ウツボグサ(靫草) 別名:カゴソウ(夏枯草) -シソ科-


オダマキ(苧環)、オサバグサ(筬歯)、ホウチャクソウ(宝鐸)、ヤグルマソウ(矢車)、ミコシグサ(神輿)、ハマボッス(払子)、ツクバネソウ(衝羽根)、ギボウシ(擬宝珠)・・・
これらに共通するのは、昔から使われてきた道具が名前の由来になっている植物ですが、
今はもう生活の中で姿を見なくなったものが多く、植物名にその名を残すだけとなったものもあります。

ウツボグサ(靫草)の名も、円筒形の花穂が竹などで編んだを矢を入れる靫に似ていることからですが
実物の靫を見たことがある人は稀で、魚のウツボが由来と思っている人が多いのではないでしょうか。

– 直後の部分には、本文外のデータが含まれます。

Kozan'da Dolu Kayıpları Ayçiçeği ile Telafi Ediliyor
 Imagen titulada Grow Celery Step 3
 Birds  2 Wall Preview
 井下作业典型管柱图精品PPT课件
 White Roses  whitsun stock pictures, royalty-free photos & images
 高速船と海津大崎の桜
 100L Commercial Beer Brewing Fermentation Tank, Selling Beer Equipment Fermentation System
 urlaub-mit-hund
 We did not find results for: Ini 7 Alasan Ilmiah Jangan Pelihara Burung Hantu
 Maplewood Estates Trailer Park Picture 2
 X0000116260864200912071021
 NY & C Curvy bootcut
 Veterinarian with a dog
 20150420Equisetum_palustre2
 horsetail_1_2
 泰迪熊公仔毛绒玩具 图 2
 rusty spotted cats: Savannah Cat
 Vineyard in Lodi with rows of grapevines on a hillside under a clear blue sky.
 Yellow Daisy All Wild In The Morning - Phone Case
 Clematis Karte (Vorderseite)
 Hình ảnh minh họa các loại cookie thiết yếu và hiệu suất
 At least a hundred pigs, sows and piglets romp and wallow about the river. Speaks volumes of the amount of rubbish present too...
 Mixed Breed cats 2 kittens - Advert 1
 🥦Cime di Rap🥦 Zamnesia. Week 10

イチヤクソウ(一薬)、ズダヤクシュ(喘息薬種)、ゲンノショウコ(現の証拠)、ジュウヤク(十薬)・・・
これらに共通するのは薬になることで、そもそも野草は見た目の美しさよりも
食用になるか、薬になるかということが重要であり、古くから薬草の研究がされてきたために
薬に関係する名前が多いのだと思われます。

ウツボグサの別名 夏枯草も生薬・漢方薬の名です。






花が終わっても茶色い花穂が夏も残るので
その様子から夏枯草(カゴソウまたはカコソウ)と呼ばれます。
ウツボグサ2





ウツボグサ1





ウツボグサ4





ウツボグサ8




撮影する私の周りで、蜜蜂が盛んに吸蜜しています。
ウツボグサ6




花にもぐり込んで付け根から出る蜜を吸い摂るのです。
ウツボグサ5


上唇弁の裏にある雄しべがハチに当たります。
その結果、蜜蜂の頭や背中には花粉がいっぱいつきます。
次の花に行ったときに受粉する仕組みで、これは多くのシソ科の植物が採用している受粉の戦略です。
ウツボグサ7

このような受粉の戦略はツリフネソウも採用しています。ツリフネソウはさらに特異な構造で
マルハナバチしか蜜を吸うことができない仕組みになっています。